Los padres y madres ya están hastiados. Acciones cotidianas, sencillas y alegres como llevar y recoger a sus hijos del colegio; en el Colegio Príncipe Felipe se han convertido en un auténtico sufrimiento, más parecido a una operación de rescate bélico que a un feliz reencuentro con sus hijos e hijas tras una jornada de trabajo. Ya han decidido marcharse de allí. Este año apenas se han cubierto menos de un tercio de las plazas vacantes. Un hecho que debería avergonzar a quienes tienen la responsabilidad de garantizar a todos los ciudadanos una educación pública en unas condiciones mínimas de calidad y dignidad.
Ayer, el Claustro del Príncipe Felipe, inasequible al desaliento, programó una actividad extraescolar para sus alumnos de cuarto (diez años) y sexto (doce años).
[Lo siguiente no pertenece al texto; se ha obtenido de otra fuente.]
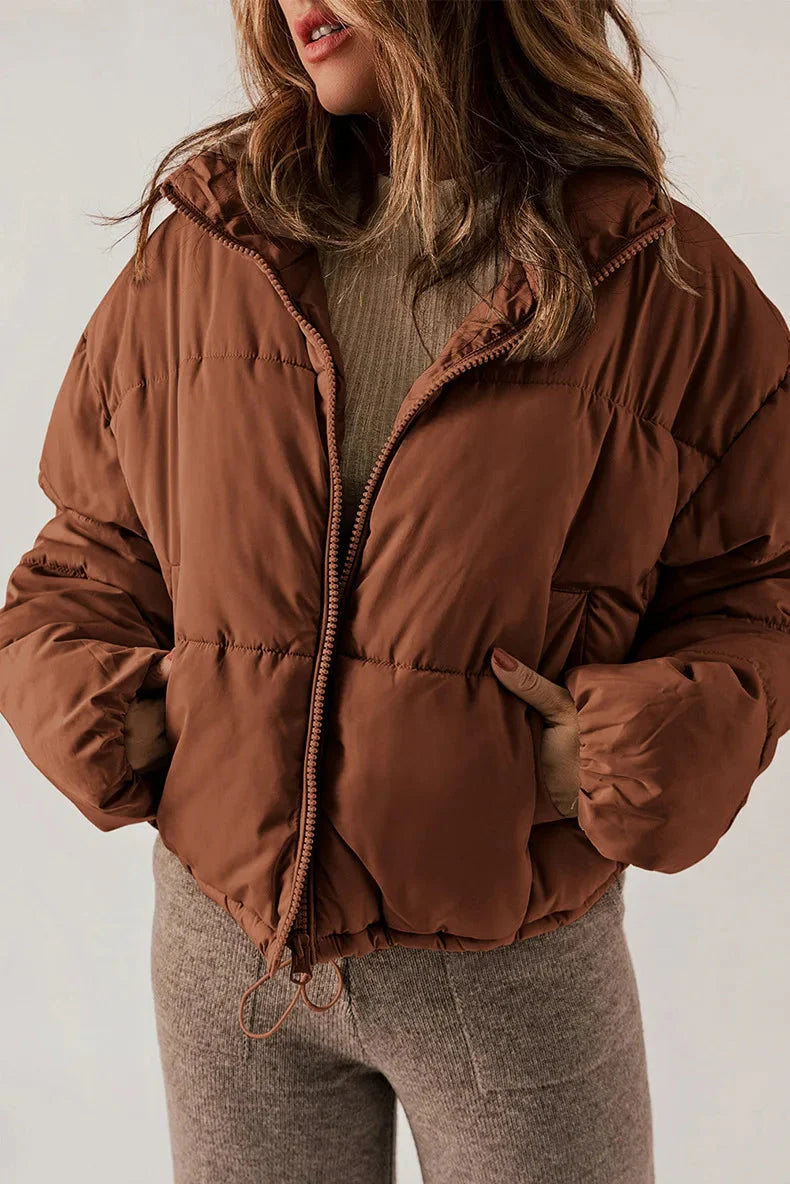 Jade Pufferjas | Dames winterjas met dikke isolatie en opstaande kraag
A su regreso, quedaron atrapados, como era de esperar, en una cola. Sus padres y madres esperaban. Los trabajadores de comedor prolongaban su jornada para evitar que los niños quedaran sin comer. Los niños, atrapados, eran víctimas del calor, de la fatiga, del hambre. Los vecinos acercaban agua al autocar agua para evitar deshidrataciones. El profesorado, con paciencia y abnegación, se esforzaban para hacer la situación más llevadera… Así pasaron tres horas. Hasta que lograron llegar al colegio, Los profesores entraban en sus casas a las cuatro y media de la tarde. Mañana volverán a estar dispuestos, con la mejor de las sonrisas, para librar una nueva batalla. Solos e incomprendidos.
Desde la frialdad de los despachos nada de esto se ve. La conciencia ha sido sustituida por la soberbia. El sentido de la responsabilidad se ha evaporado. Parece que abandonar a su suerte un centro docente en mitad de un infierno forma parte del orden natural del modelo de Ciudad que nos imponen nuestros gobernantes.